_How to complete this task_:
Repeat every entry word for word, but leave the images out of your copy.

_Record extracts_:
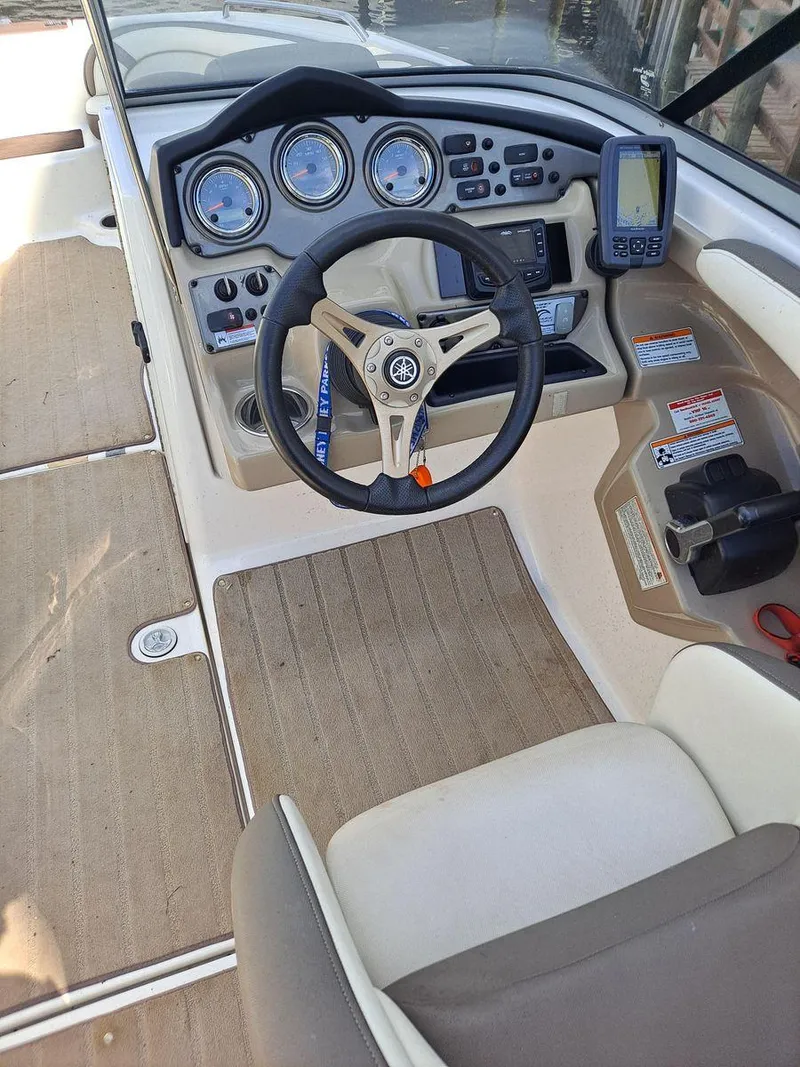 Slide: The Image of 2013 Yamaha Boats 242 Limited S dashboard with steering wheel and navigation controls. - 16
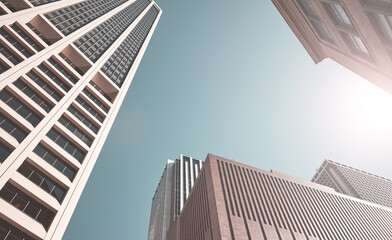 Looking up at New York skyscrapers, color toning applied, USA.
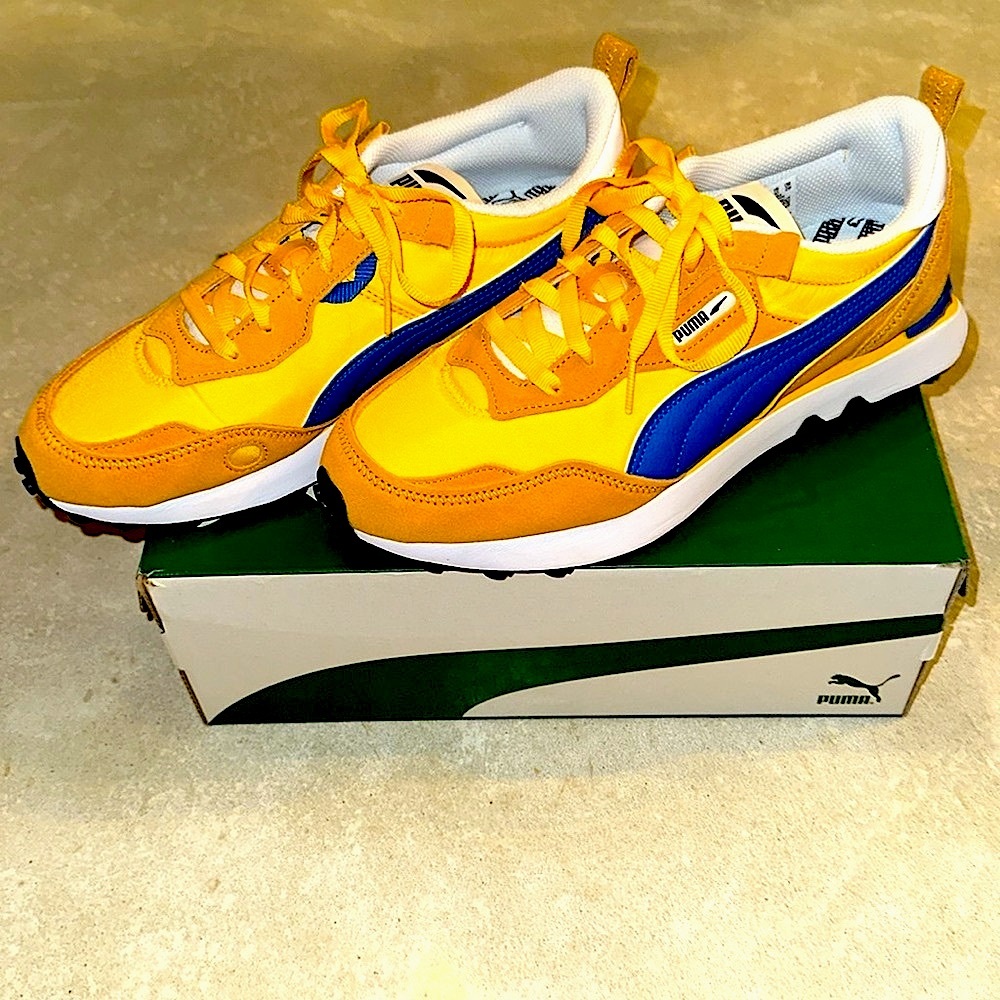 Men’s size 10 Puma Rider FV Essentials in tangerine-orange brick. New in box.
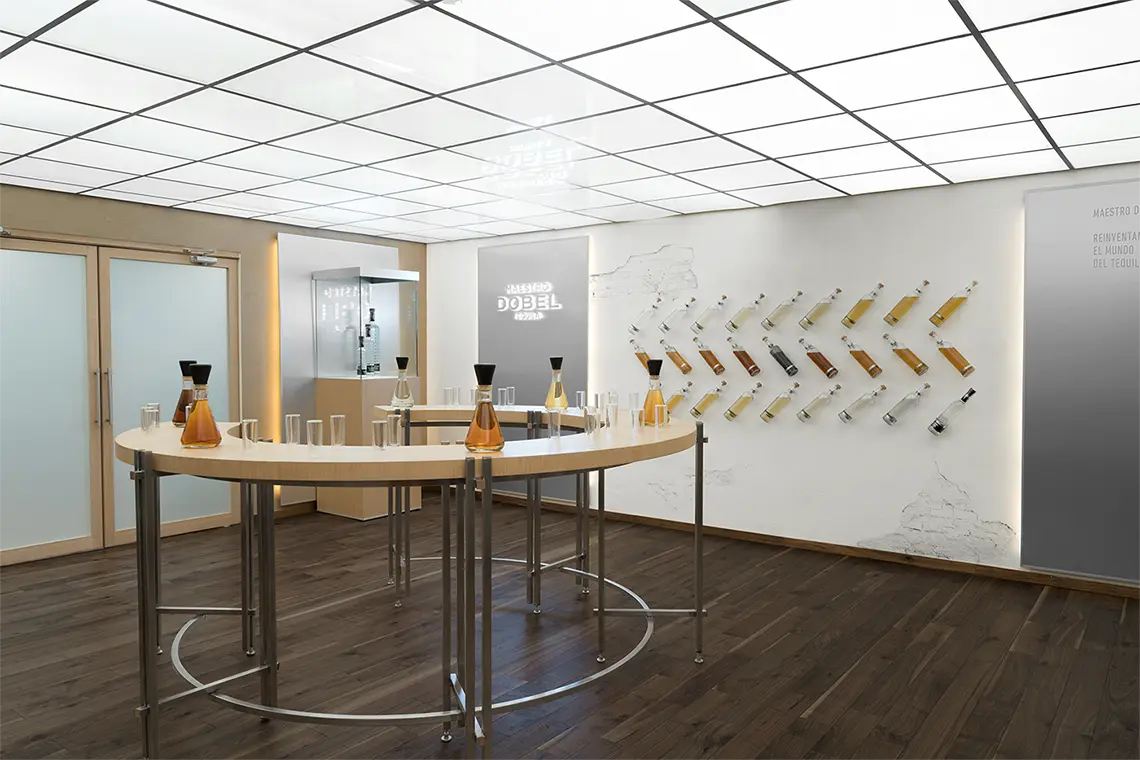 Curved tasting counter with decanters and tall glasses, bottles mounted diagonally along a white wall behind it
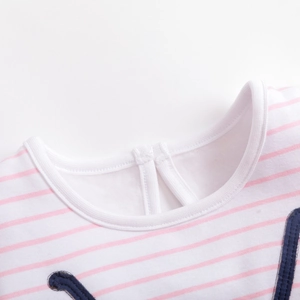 Close-up of pink striped cotton knit collar with button closure and refined stitching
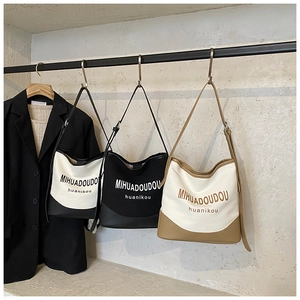 Close-up of contrast canvas tote bags with leather trim and shoulder straps on hangers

_Answer area_:
 Slide: The Image of 2013 Yamaha Boats 242 Limited S dashboard with steering wheel and navigation controls. - 16
 Looking up at New York skyscrapers, color toning applied, USA.
 Men’s size 10 Puma Rider FV Essentials in tangerine-orange brick. New in box.
 Curved tasting counter with decanters and tall glasses, bottles mounted diagonally along a white wall behind it
 Close-up of pink striped cotton knit collar with button closure and refined stitching
 Close-up of contrast canvas tote bags with leather trim and shoulder straps on hangers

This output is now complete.